The immigration rules include general grounds for refusing to allow someone’s entry to the UK. See Entering the UK section of the Toolkit for more information on these general grounds.

In addition to this, re-entry bans are applied if you have been forcibly removed or deported from the UK, and in some other circumstances where the Home Office say immigration law was breached in a previous attempt to enter or stay in the UK.

If you left the UK voluntarily

Generally, re-entry to the UK will be refused if the Home Office say that during in your time in the UK, you:

  • overstayed (beyond the period of a time-limited visa);
  • breached a condition attached to your previous leave;
  • entered the UK unlawfully;
  • used deception in an application while in the UK

unless:

  • you overstayed for less than 30 days and you left the UK voluntarily at your own expense. The immigration rules state that if you overstayed for more than 30 days, unless specific exceptions apply you will be subject to a 12 month re-entry ban.

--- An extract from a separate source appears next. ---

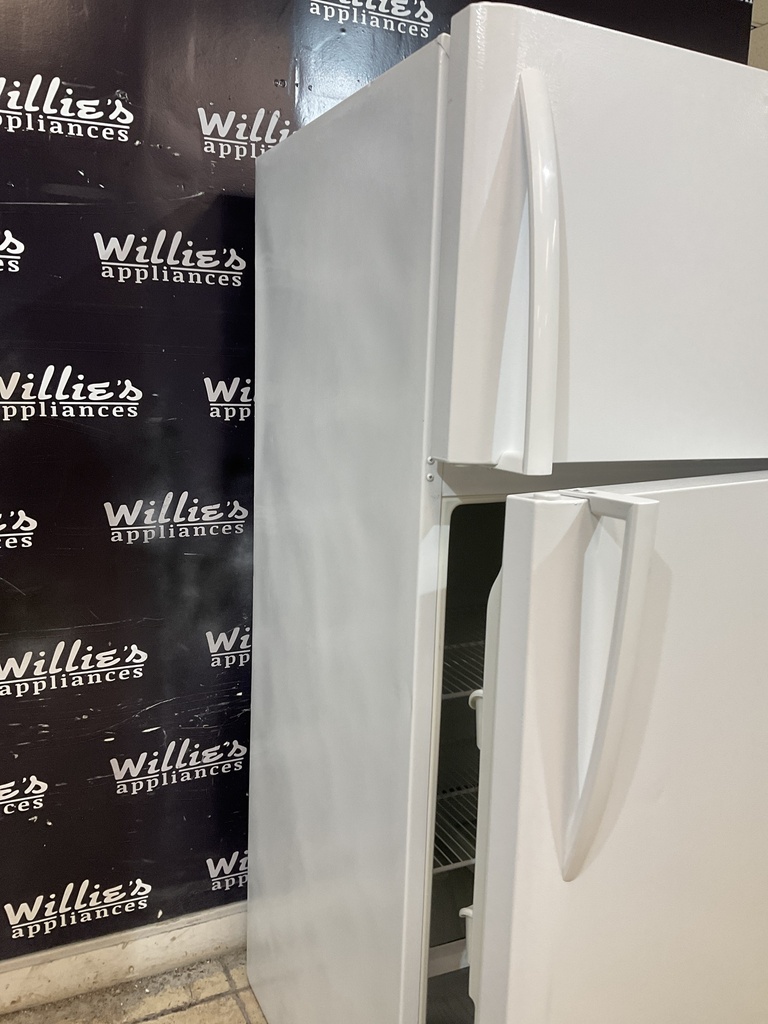 Frigidaire Refrigerator Top and Bottom 30x66 (white)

Read about the exceptions in the Home Office guidance here.
  • you left the UK voluntarily at your own expense more than 12 months ago
  • you left the UK voluntarily, but at the expense of the state more than two years ago IF you left the UK no more than 6 months after the date on which you were given notice of liability for removal, or no more than 6 months after the date on which you no longer had a pending appeal or administrative review (whichever is the later)
  • you left the UK voluntarily, but at the expense of the state more than five years ago.

If the Home Office decide that you used deception for an entry clearance application (a visa), you could face a ten year ban on entering or re-entering the UK.

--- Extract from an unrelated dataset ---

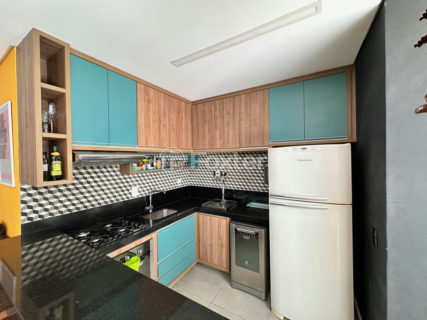 Image 37 - 1011901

Where more than one breach of these has occurred, the breach which leads to the longest period of absence from the UK will be considered.

There are situations in which re-entry bans may not be applied, for example if you were a victim of trafficking; or if your application to enter the UK is a family migration application under the immigration rules “Appendix FM”.

If a re-entry ban is applied to you, and this would breach your human rights (for example, to be with family in the UK), you may be able to challenge it on human rights grounds.

Remember that even if one of these exemptions applies to your situation, you may still be refused leave to enter the UK. This is because the Immigration Rules allows for a discretionary refusal of an application if the Home Office decides you have “previously contrived in a significant way to frustrate the intentions” of the immigration rules.

After forced removal from the UK

If you were forcibly removed from the UK, the Home Office will in most cases impose a ten year re-entry ban.

After deportation from the UK

Read about the difference between “deportation” and “forced removal” in the Toolkit Glossary here.

The immigration rules state that entry to the UK is to be refused if:

  • you are currently subject to a deportation order, or
  • you were convicted of an offence and sentenced to more than four years imprisonment (prior to being deported).

If you were sentenced to less than four years, but more than 12 months, an entry is to be refused unless more than 10 years has passed since the end of the sentence.

If you were sentenced to less than 12 months, entry is to be refused unless more than five years has passed since the end of the sentence.

The immigration rules state that “only be in exceptional circumstances” would “the public interest in maintaining refusal [to enter the UK] be outweighed by compelling factors” if you are trying to challenge a re-entry ban after a deportation.